### [Instructions for the task]
Quote exactly the lines spanning from the top of the data below to the line that contains "Bobrick B-2621 Commercial", including both.
*** Opening Source information ***
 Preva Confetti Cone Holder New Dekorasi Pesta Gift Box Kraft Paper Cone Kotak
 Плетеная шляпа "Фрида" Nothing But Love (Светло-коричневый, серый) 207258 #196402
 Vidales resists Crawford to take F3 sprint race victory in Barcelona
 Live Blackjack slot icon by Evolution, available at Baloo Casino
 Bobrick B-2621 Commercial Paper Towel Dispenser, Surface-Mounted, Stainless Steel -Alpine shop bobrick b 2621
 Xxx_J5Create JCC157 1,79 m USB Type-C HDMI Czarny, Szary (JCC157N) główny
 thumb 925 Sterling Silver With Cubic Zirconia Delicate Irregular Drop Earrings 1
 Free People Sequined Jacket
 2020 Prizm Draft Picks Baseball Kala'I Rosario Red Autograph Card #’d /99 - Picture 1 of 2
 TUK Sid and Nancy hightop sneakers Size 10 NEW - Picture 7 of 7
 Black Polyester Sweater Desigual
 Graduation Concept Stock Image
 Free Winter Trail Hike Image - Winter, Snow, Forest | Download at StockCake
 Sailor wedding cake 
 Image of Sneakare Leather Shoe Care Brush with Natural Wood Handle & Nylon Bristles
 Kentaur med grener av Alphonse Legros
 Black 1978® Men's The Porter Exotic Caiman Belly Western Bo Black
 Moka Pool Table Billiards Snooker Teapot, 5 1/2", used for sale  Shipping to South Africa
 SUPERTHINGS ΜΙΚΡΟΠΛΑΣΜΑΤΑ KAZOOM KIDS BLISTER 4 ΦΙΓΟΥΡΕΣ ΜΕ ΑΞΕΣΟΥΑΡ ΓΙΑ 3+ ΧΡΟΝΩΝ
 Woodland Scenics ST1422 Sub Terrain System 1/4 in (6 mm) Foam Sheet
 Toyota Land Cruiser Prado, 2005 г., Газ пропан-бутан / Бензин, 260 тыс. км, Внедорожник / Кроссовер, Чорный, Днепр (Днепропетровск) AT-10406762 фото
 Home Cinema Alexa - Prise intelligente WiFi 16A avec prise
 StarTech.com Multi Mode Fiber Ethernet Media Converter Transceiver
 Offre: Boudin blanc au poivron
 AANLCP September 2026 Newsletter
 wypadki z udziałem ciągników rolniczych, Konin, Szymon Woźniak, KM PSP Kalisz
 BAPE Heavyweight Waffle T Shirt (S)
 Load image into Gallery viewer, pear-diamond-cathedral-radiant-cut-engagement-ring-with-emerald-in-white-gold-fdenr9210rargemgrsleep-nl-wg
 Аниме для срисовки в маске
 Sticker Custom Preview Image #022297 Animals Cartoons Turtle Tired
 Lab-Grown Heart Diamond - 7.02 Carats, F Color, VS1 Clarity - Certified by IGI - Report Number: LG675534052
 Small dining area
*** Closing Source information ***
### [Reply to the task]
 Preva Confetti Cone Holder New Dekorasi Pesta Gift Box Kraft Paper Cone Kotak
 Плетеная шляпа "Фрида" Nothing But Love (Светло-коричневый, серый) 207258 #196402
 Vidales resists Crawford to take F3 sprint race victory in Barcelona
 Live Blackjack slot icon by Evolution, available at Baloo Casino
 Bobrick B-2621 Commercial Paper Towel Dispenser, Surface-Mounted, Stainless Steel -Alpine shop bobrick b 2621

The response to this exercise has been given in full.